In the bowl of a stand mixer fitted with a paddle, beat butter, 1 2⁄3 cups sugar, and vanilla on medium-high speed until pale and fluffy. Alternately add the flour mixture and milk in three batches until just combined, to make a batter.

In a large bowl, whisk together cream of tartar and egg whites (reserve yolks for filling) until soft peaks form; slowly add remaining sugar and continue whisking until stiff peaks form. Add to cake batter and fold until combined.

Divide batter between prepared cake pans and smooth tops; bake until golden brown and a toothpick inserted in the middle of the cakes comes out clean, about 40 minutes.

Let cool for 30 minutes, unmold, and cool completely. Using a long, serrated knife, halve both cakes horizontally to create four layers in all; set aside.

Make the filling:
Whisk together 1 cup sugar and reserved yolks (from cake recipe, above) in a 4-qt. saucepan; whisk in bourbon and butter, and heat over medium heat. Bring to a simmer, whisking constantly, and cook until mixture thickens to the consistency of loose pudding, about 2 minutes.Remove from heat; let cool completely. Stir in raisins, pecans, coconut, and vanilla; set aside.

Make the icing:
Combine the remaining sugar, corn syrup, salt, and egg whites in the bowl of a stand mixer; place the bowl over a saucepan of simmering water so that the bottom of the bowl does not touch the water. Cook, whisking often, until the sugar dissolves and an instant-read thermometer inserted into the egg whites reads 140°.Place the bowl on the stand mixer fitted with a whisk, and whisk the mixture on medium-high until tripled in volume and stiff peaks form.

Assemble the cake:
While the icing whips, place one cake layer on a cake stand and top with 1⁄3 filling; repeat with remaining cake layers and filling, leaving top layer uncovered. When icing is ready, spread it over the top and sides of the cake until the cake is evenly covered, creating swirls, if you like. Chill before serving.

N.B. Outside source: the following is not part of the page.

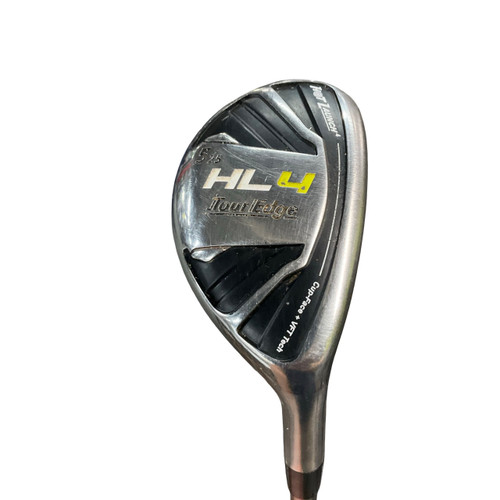 Vist Large View of Product Image Which is Used Tour Edge HL4 Mens Hybrid Club RH 5 Hybrid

If y’all have any ideas/requests for future book/recipe pairings, leave them in the comments!

P.S. Palmer house brownies from Devil In The White City!


Merrie K.

You had me at “booze in the cake”! I’m supposed to be watching what I eat now, but now all I can think about are pecans, frosting and brandy. 🙂 I’m from the south too, and while we do have a “complicated” past, I love our food. I just recently blogged about Muscadine grape wine. It’s a very sweet wine and delicious! Not sure where in the south you are, bc I was just introduced to your blog today, but you should look for it in your food store. Take care!